Multiple consecutive segments may share the same slope and should count as one line.
Horizontal lines with slope 0 must be handled correctly.
Very large coordinate values require careful handling to avoid overflow in some languages.

Approaches

Brute Force Approach

A brute force solution would first sort the points by day and then repeatedly attempt to extend each line segment as far as possible.

For every starting point, we could compute the slope to the next point and continue checking future points to see whether they lie on the same line. Once the slope changes, we start another segment.

This approach is correct because it explicitly verifies whether every consecutive group of points belongs to the same line. However, repeatedly checking future points causes redundant work.

In the worst case, for each point we may scan many later points, leading to quadratic complexity.
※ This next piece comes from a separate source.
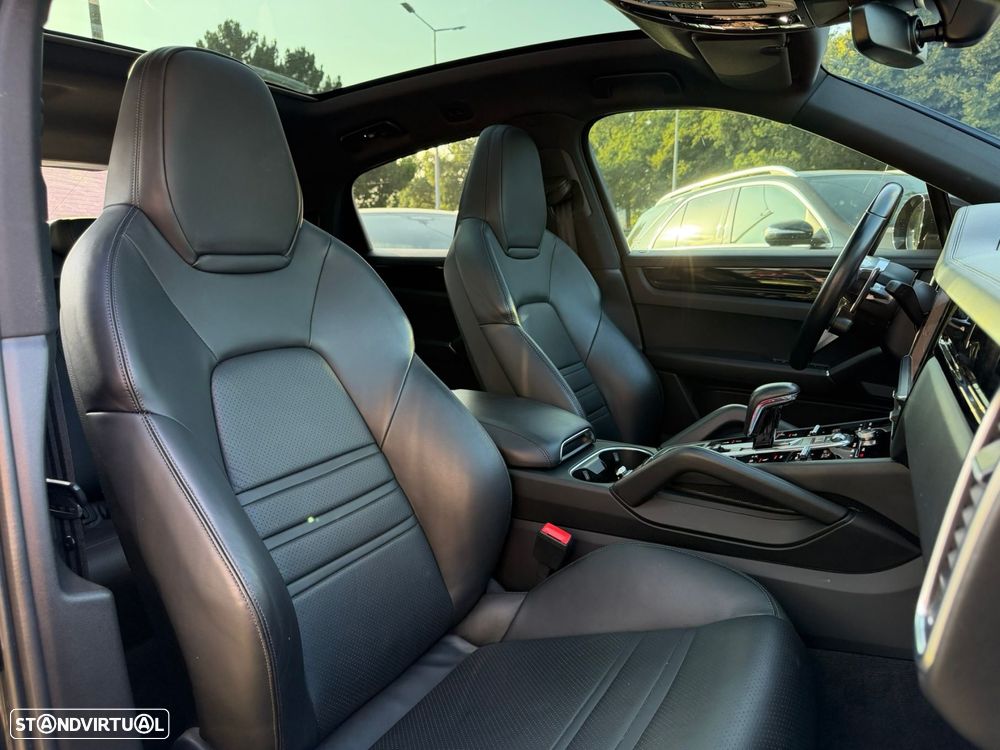 Porsche Cayenne Coupé E-Hybrid Tiptronic S - 25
With 10^5 points, an O(n^2) solution is far too slow.

Optimal Approach

The key insight is that we only need to compare consecutive slopes.

After sorting the points:

Compute the slope between point i-1 and point i
Compute the slope between point i and point i+1
If the slopes are the same, the current segment continues
If the slopes differ, we must start a new line

Instead of computing slopes using division, we compare them using cross multiplication:

(y2 - y1) * (x3 - x2) == (y3 - y2) * (x2 - x1)
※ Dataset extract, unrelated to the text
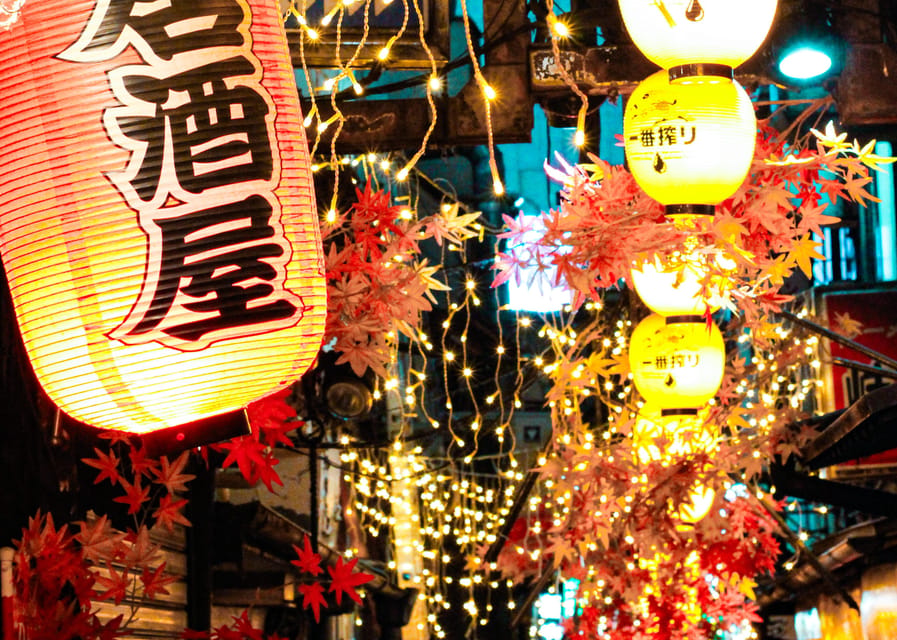 Tokio A: Tour de la ciudad en Español - Spanish - Shinjuku changes the scale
This lets us process the array in a single pass after sorting.

Approach Comparison

Approach	Time Complexity	Space Complexity	Notes
Brute Force	O(n²)	O(1)	Repeatedly checks whether future points stay on the same line
Optimal	O(n log n)	O(1) or O(log n)	Sort once, then compare consecutive slopes in one pass

Algorithm Walkthrough

Sort the points by day.

The chart connects points chronologically, so we must process the points in increasing order of day. 2. Handle the special case where there is only one point.

If the array length is 1, there are no segments to draw, so return 0. 3. Initialize the answer to 1.
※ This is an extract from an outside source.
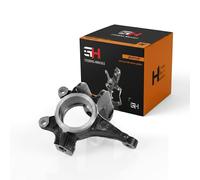 1x Fusello Ruota Anteriore Sinistro per Ford Mondeo III 2000-2007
Once we have at least two points, we always need at least one line segment. 4. Iterate through the sorted points starting from index 2.

At each step, compare:

The slope between points (i-2) and (i-1)
The slope between points (i-1) and i

Compare slopes using cross multiplication.

Suppose:

dx1 = x2 - x1
dy1 = y2 - y1

dx2 = x3 - x2
dy2 = y3 - y2

The slopes are equal if:

dy1 * dx2 == dy2 * dx1

This avoids floating point precision issues. 6. If the slopes differ, increment the answer.

A slope change means the current line segment cannot continue, so we must start a new one. 7. Return the final count.

Why it works

The algorithm maintains the invariant that all consecutive points belonging to the current segment have identical slopes between adjacent pairs.

If two consecutive slopes are equal, then the three involved points are collinear, meaning the current line can continue. If the slopes differ, the current segment must end and a new one must begin.

Because every slope change is detected exactly once, the algorithm produces the minimum number of line segments required.

Python Solution

from typing import List

class Solution:
    def minimumLines(self, stockPrices: List[List[int]]) -> int:
        n = len(stockPrices)

        if n == 1:
            return 0

        stockPrices.sort()

        lines = 1

        for i in range(2, n):
            x1, y1 = stockPrices[i - 2]
            x2, y2 = stockPrices[i - 1]
            x3, y3 = stockPrices[i]

            dx1 = x2 - x1
            dy1 = y2 - y1

            dx2 = x3 - x2
            dy2 = y3 - y2

            if dy1 * dx2 != dy2 * dx1:
                lines += 1

        return lines

The implementation begins by checking whether there is only one point. In that situation, no line segments are needed.

Next, the points are sorted by day using:

stockPrices.sort()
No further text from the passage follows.